By Pythagoras’ Theorem,
(Hypotenuse)^{ 2} = (side 1)^{2} + (side 2)^{2}
Hypotenuse = 61
Side 1 = 11
Side 2 = 60
61^{2 }= 11^{2} + 60^{2}
3721 = 121 + 3600
3721 = 3721
L.H.S = R.H.S
This follows Pythagoras’ Theorem
This triangle is right-angled triangle.
(iv) 1.5, 1.6, 1.7
ANS:
We know that,
Any triangle is right-angled triangles only when it follows Pythagoras’ Theorem.

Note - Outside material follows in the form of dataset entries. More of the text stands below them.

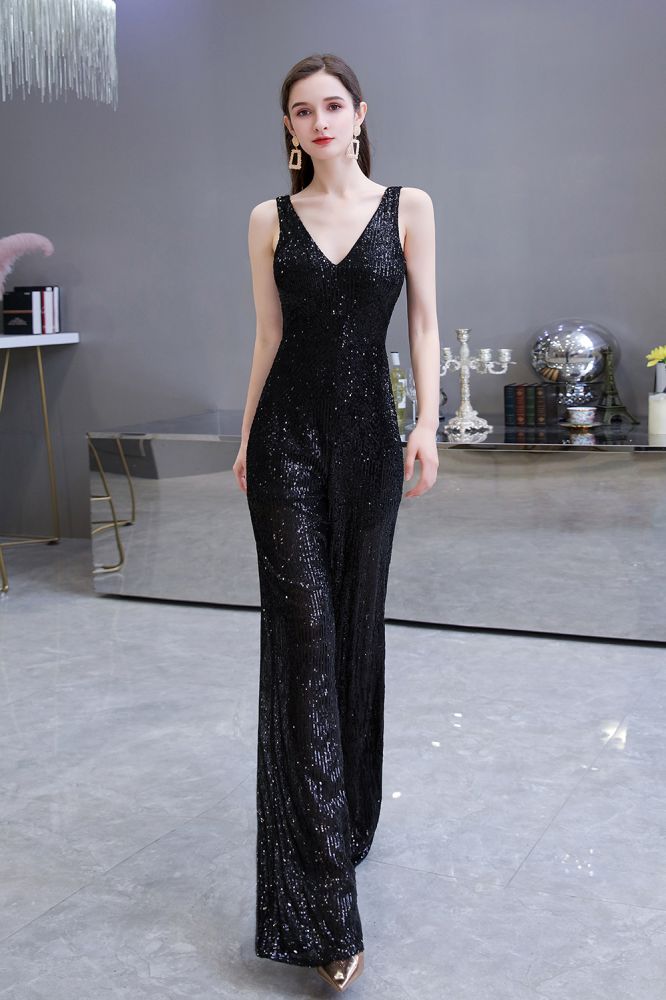 Chic Shining V-neck Silver Sequin Sleeveless Prom Jumpsuit-Ballbella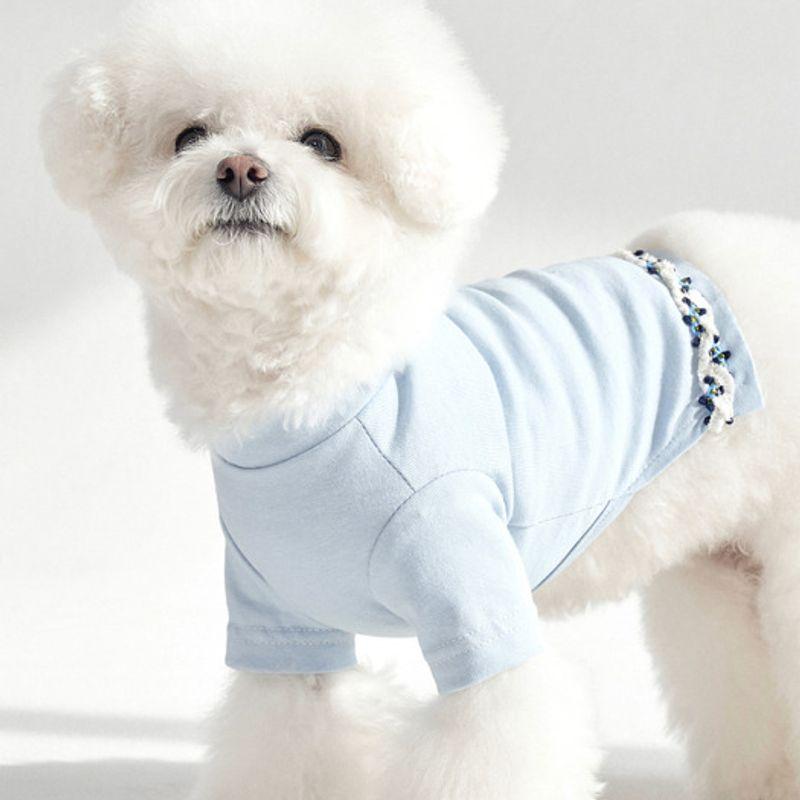 CROOKTHECHIHUAHUA Basic Soft Top - cream blue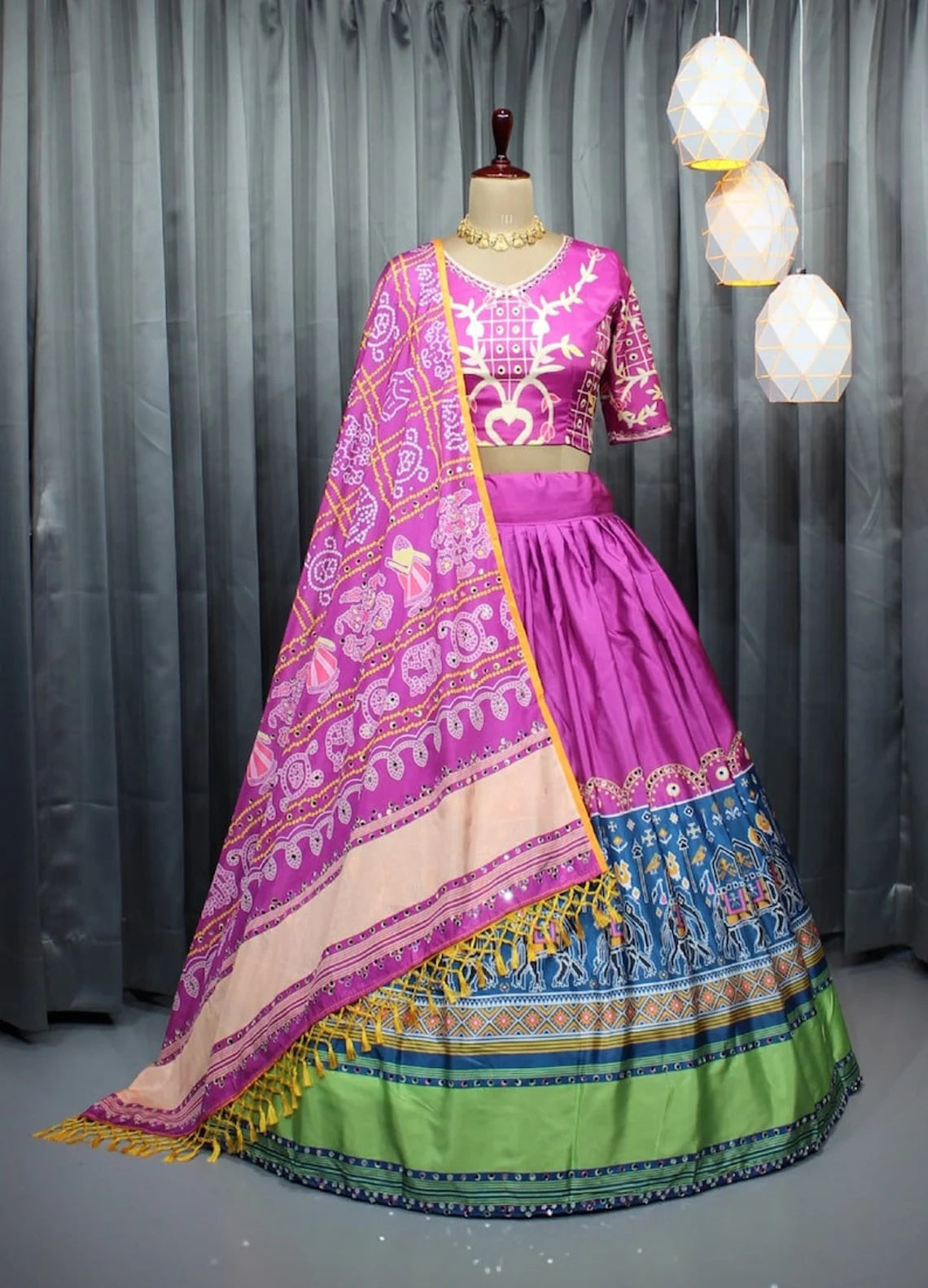 Navratri Special Garba Night Designer printed and Butter Silk lehenga choli with dupatta Brides Outfits Wedding Lehenga Navratri collection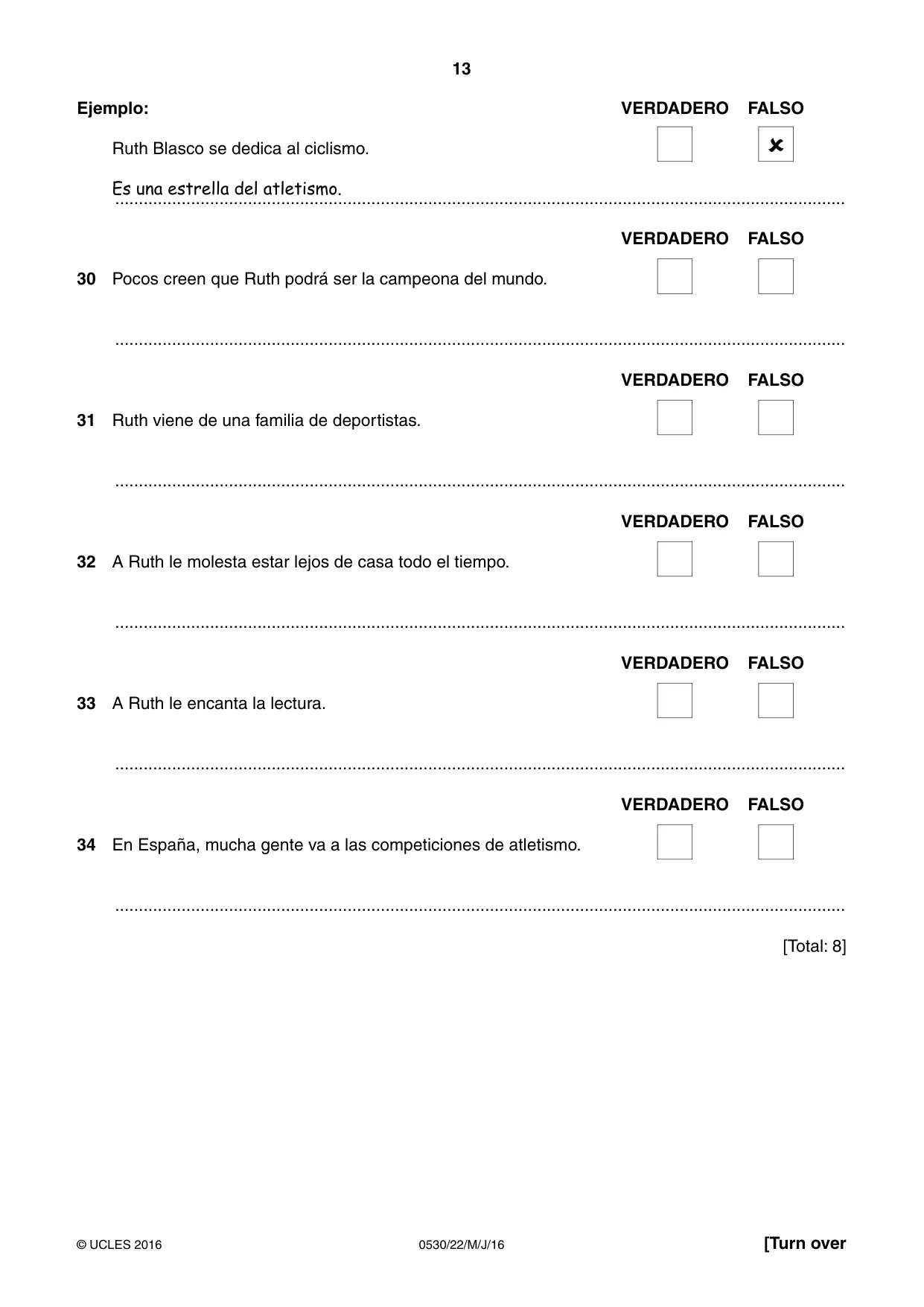 Cambridge IGCSE Spanish - Foreign Language 0530 2016 May/June Paper 2 · Variant 2 question paper, page 13 of 16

When it follows Pythagoras’ Theorem then the triangle is right-angled triangles.
We know,
The Largest side is called Hypotaneous.
By Pythagoras’ Theorem,
(Hypotenuse)^{ 2} = (side 1)^{2} + (side 2)^{2}
Hypotenuse = 1.7
Side 1 = 1.5
Side 2 = 1.6
1.7^{2 }= 1.5^{2} + 1.6^{2}
2.89 = 2.25 + 2.56
2.89 ≠ 4.81
L.H.S ≠ R.H.S
This not follows Pythagoras’ Theorem.
This triangle is not right-angled triangle.
(v) 40, 20, 30
ANS:
We know that,
Any triangle is right-angled triangles only when it follows Pythagoras’ Theorem.

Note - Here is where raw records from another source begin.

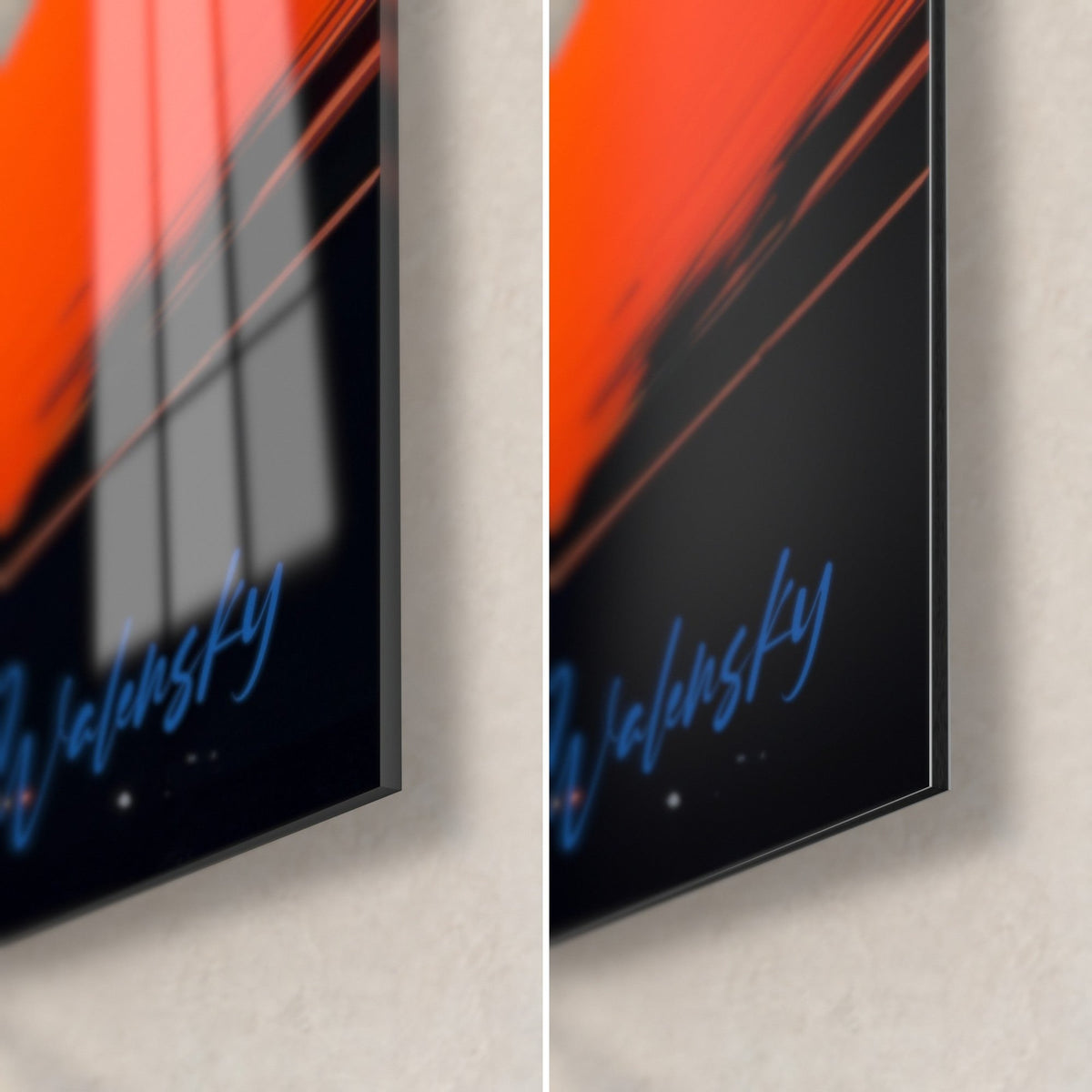 Gemälde mit Farbsplittern in Blau und Orange, untere rechte Ecke: glänzendes Acrylglas mit Spiegelungen, mattes Dibond-Aluminium, 3 mm Kante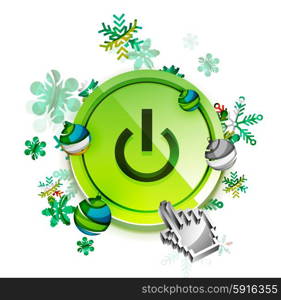 Christmas internet button. Christmas internet button on white background with reflection. Holiday icon concept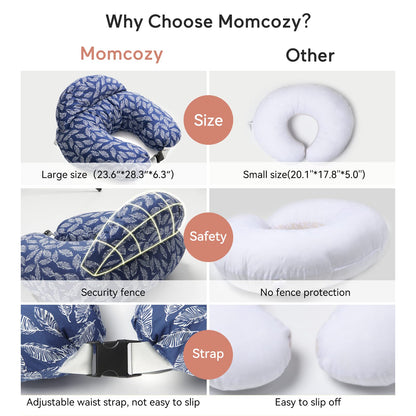 Momcozy Almofada de Amamentação Plus Size, Capa Removível, Azul Marinho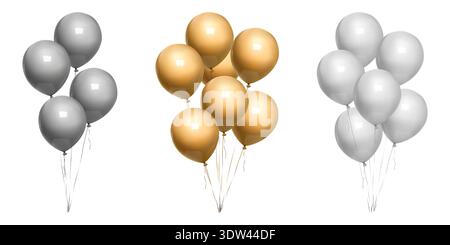 Bunch of happy birthday balloons 3d, minimal bday present. Gold, silver corol party decoration, vector isolated on white bg. Inflated air balls float Stock Vector
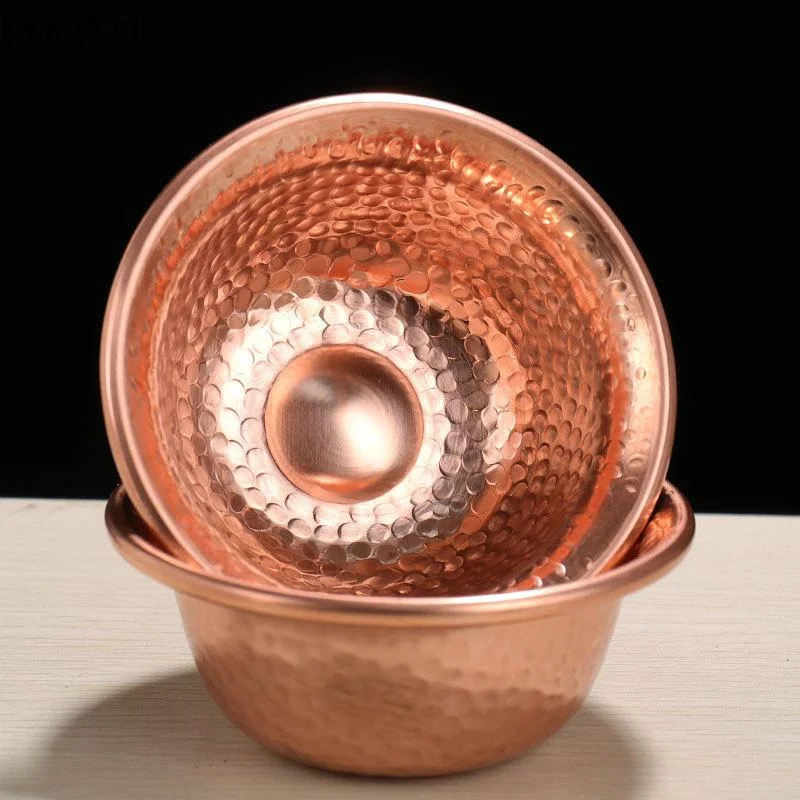 Handcrafted Red Copper Water Supply Bowls With Hammered Texture And Multiple Sizes Perfect For Altar Offering Decor Use【SMQ】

When it follows Pythagoras’ Theorem then the triangle is right-angled triangles.
We know,
The Largest side is called Hypotaneous.
By Pythagoras’ Theorem,
(Hypotenuse)^{ 2} = (side 1)^{2} + (side 2)^{2}
Hypotenuse = 40
Side 1 = 20
Side 2 = 30
40^{2 }= 20^{2} + 30^{2}
1600 = 400 + 900
1600 ≠ 1300
L.H.S ≠ R.H.S
This not follows Pythagoras’ Theorem.
This triangle is not right-angled triangle.